Index  | Recent Threads  | Unanswered Threads  | Who's Active  | Guidelines  | Search
 

Quick Go »
No member browsing this thread
Thread Status: Active
Total posts in this thread: 6
[ Jump to Last Post ]
Post new Thread
Author
Previous Thread This topic has been viewed 55688 times and has 5 replies Next Thread
Spiderman
Advanced Cruncher
United States
Joined: Jul 13, 2020
Post Count: 117
Status: Offline
Project Badges:
Reply to this Post  Reply with Quote 
Never-ending OPNG tasks?

I'm uncertain whether to post here, or under the GPU forum, or OpenPandemics...

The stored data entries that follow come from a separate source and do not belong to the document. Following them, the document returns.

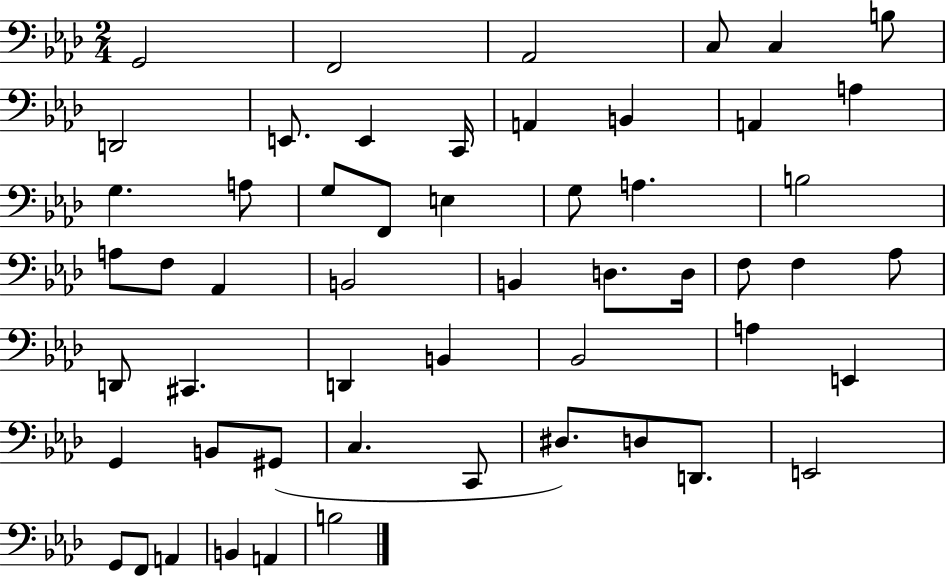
X:1
T:Untitled
M:2/4
L:1/4
K:Ab
G,,2 F,,2 _A,,2 C,/2 C, B,/2 D,,2 E,,/2 E,, C,,/4 A,, B,, A,, A, G, A,/2 G,/2 F,,/2 E, G,/2 A, B,2 A,/2 F,/2 _A,, B,,2 B,, D,/2 D,/4 F,/2 F, _A,/2 D,,/2 ^C,, D,, B,, _B,,2 A, E,, G,, B,,/2 ^G,,/2 C, C,,/2 ^D,/2 D,/2 D,,/2 E,,2 G,,/2 F,,/2 A,, B,, A,, B,2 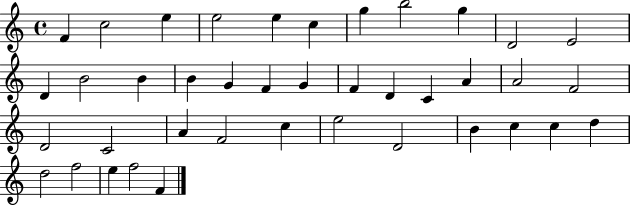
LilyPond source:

{
  \clef treble
  \time 4/4
  \defaultTimeSignature
  \key c \major
  f'4 c''2 e''4 | e''2 e''4 c''4 | g''4 b''2 g''4 | d'2 e'2 | \break d'4 b'2 b'4 | b'4 g'4 f'4 g'4 | f'4 d'4 c'4 a'4 | a'2 f'2 | \break d'2 c'2 | a'4 f'2 c''4 | e''2 d'2 | b'4 c''4 c''4 d''4 | \break d''2 f''2 | e''4 f''2 f'4 | \bar "|."
} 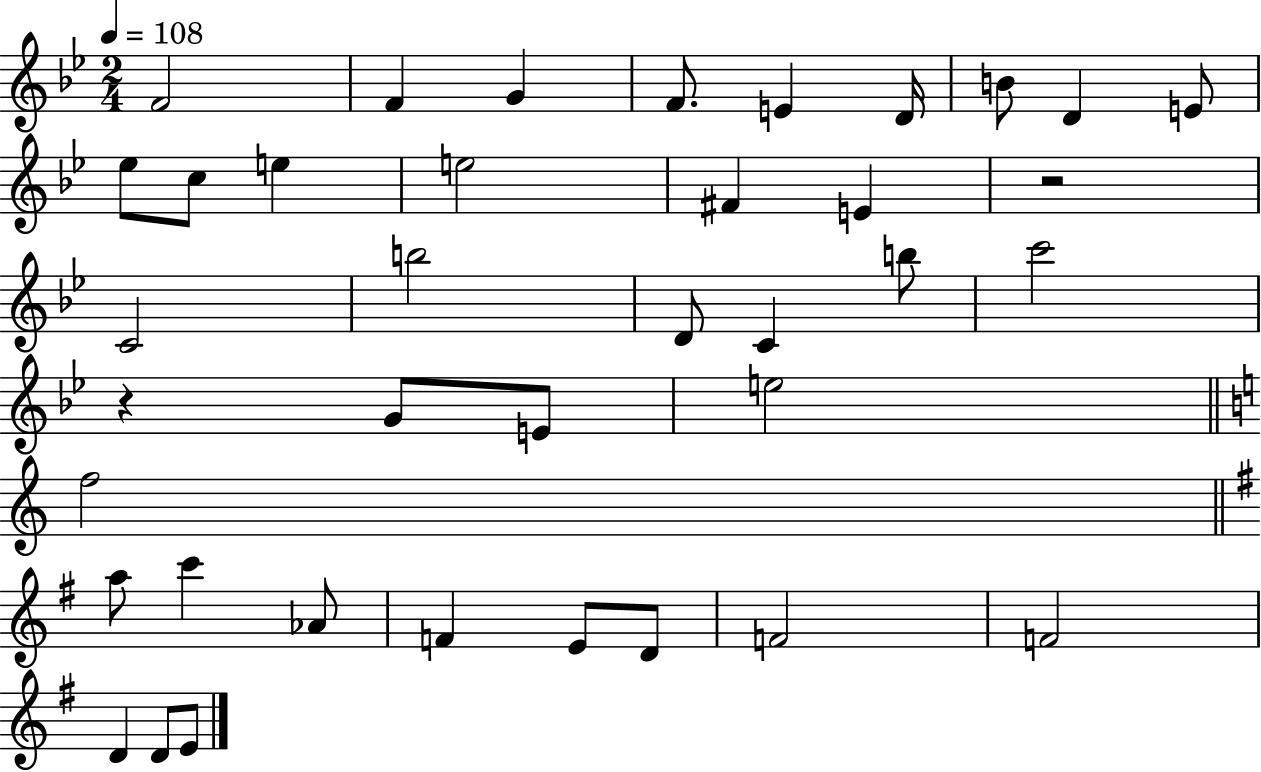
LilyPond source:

{
  \clef treble
  \numericTimeSignature
  \time 2/4
  \key bes \major
  \tempo 4 = 108
  \repeat volta 2 { f'2 | f'4 g'4 | f'8. e'4 d'16 | b'8 d'4 e'8 | \break ees''8 c''8 e''4 | e''2 | fis'4 e'4 | r2 | \break c'2 | b''2 | d'8 c'4 b''8 | c'''2 | \break r4 g'8 e'8 | e''2 | \bar "||" \break \key a \minor f''2 | \bar "||" \break \key e \minor a''8 c'''4 aes'8 | f'4 e'8 d'8 | f'2 | f'2 | \break d'4 d'8 e'8 | } \bar "|."
}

Q: Anyone else noticed a few OPN GPU tasks that never end? It's not all, but enough to be troublesome.

--

I happened to notice one of my machines with a "No Reply" when I downloaded my Results into a spreadsheet yesterday morning.

When I looked over on that particular box, there was a OPNG WU (OPNG_0193257_00054_0) that had over 2-days of runtime ticking. It was overdue and had another WU behind it that was within an hour of being overdue as well.

This is one of my Windows machines and has the integrated AMD GPU enabled (no add-on card), set to run without interruption. There are no other processes on it and even if so, it's told to go-forward and compute CPU/GPU no matter what. [Local Preferences]

I rebooted it and it went about it's business re-running from scratch (not sure where the checkpoint disappeared to?).

This morning it was still going so I aborted the task. It started running another OPNG that was due yesterday (which I will probably abort also if it doesn't finish it soon).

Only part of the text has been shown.